• [Exercise data]
--- START ---

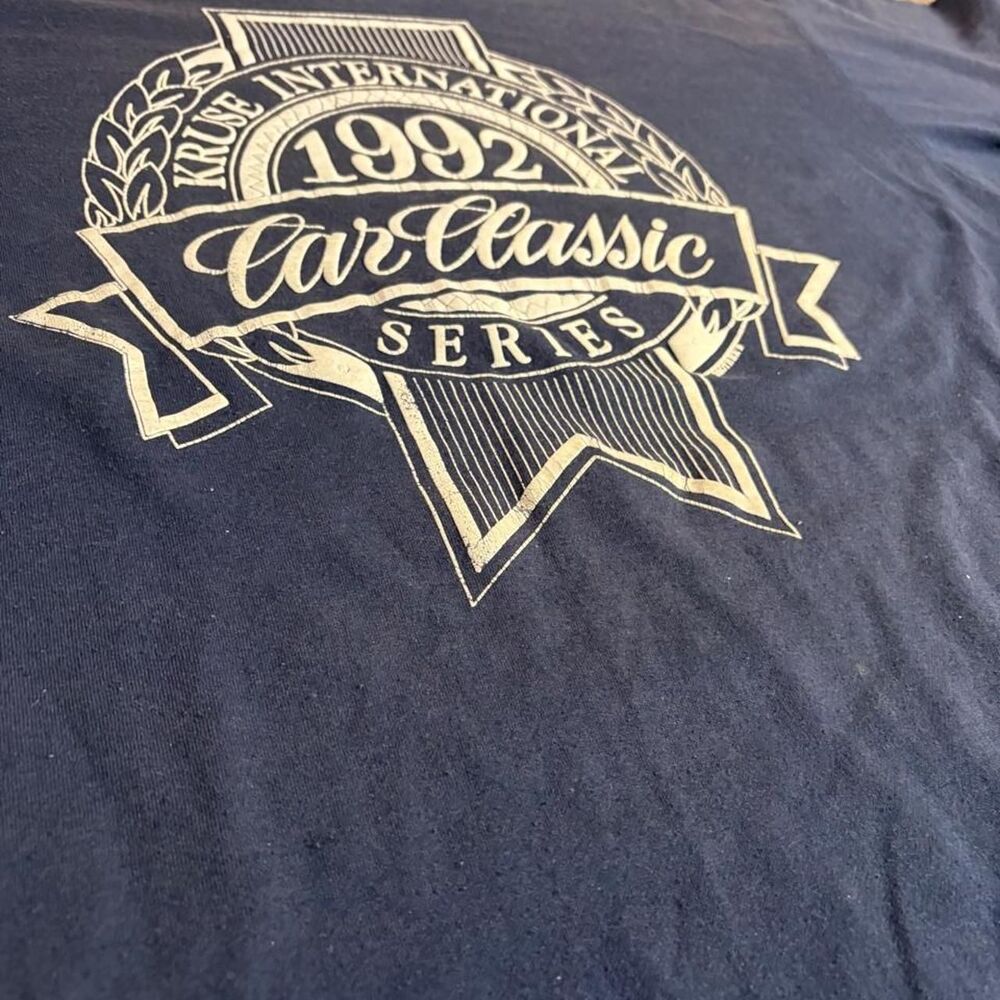 Vintage single stitch 1992 Car Classic Screen-stars Men's Navy and Black T-shirt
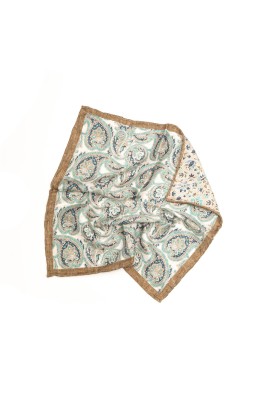 Mint Paisley/Floral Print Reversible Pocket Square 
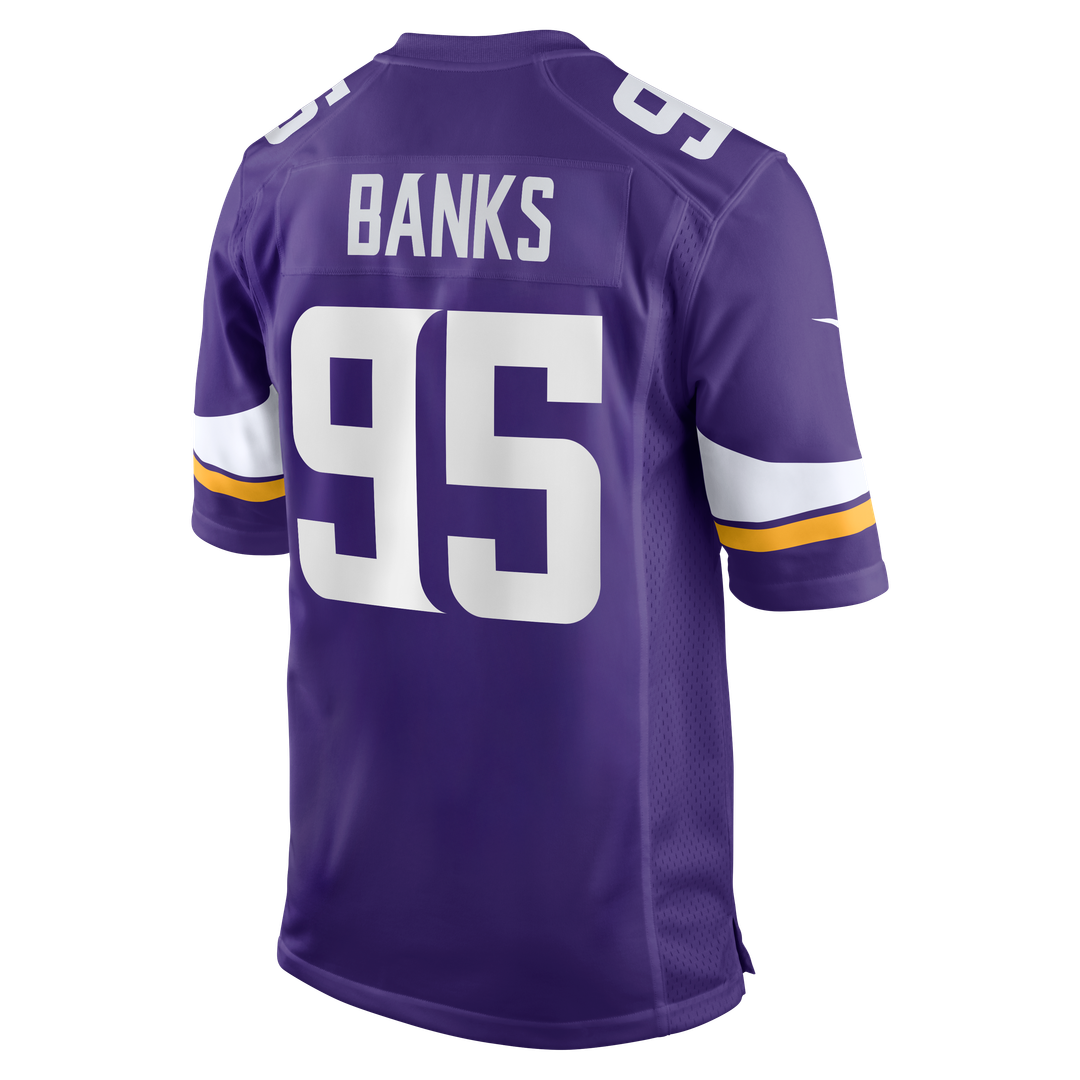 Minnesota Vikings Caleb Banks Purple Team Game Jersey | NFL Football Jersey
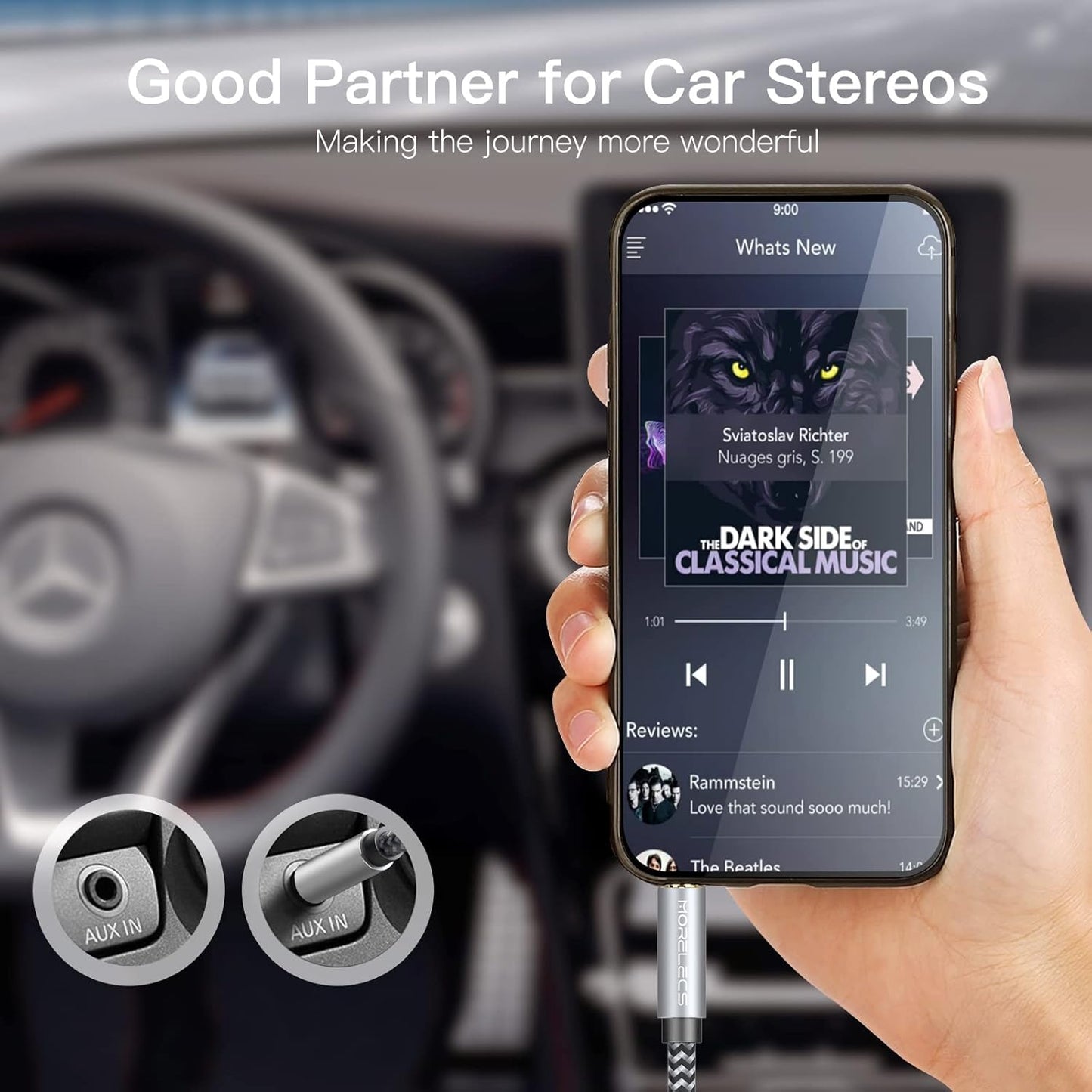 3.5mm Headphone Extension Cable 6ft, Nylon Braided Aux Cord Extender for Smartphones, Tablets, Media Players (No Mic Support)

--- END ---

• [Task to carry out] Pictures are not part of the copy. Restate everything else in the listing word for word.

• [Exercise output]
 Vintage single stitch 1992 Car Classic Screen-stars Men's Navy and Black T-shirt
 Mint Paisley/Floral Print Reversible Pocket Square 
 Minnesota Vikings Caleb Banks Purple Team Game Jersey | NFL Football Jersey
 3.5mm Headphone Extension Cable 6ft, Nylon Braided Aux Cord Extender for Smartphones, Tablets, Media Players (No Mic Support)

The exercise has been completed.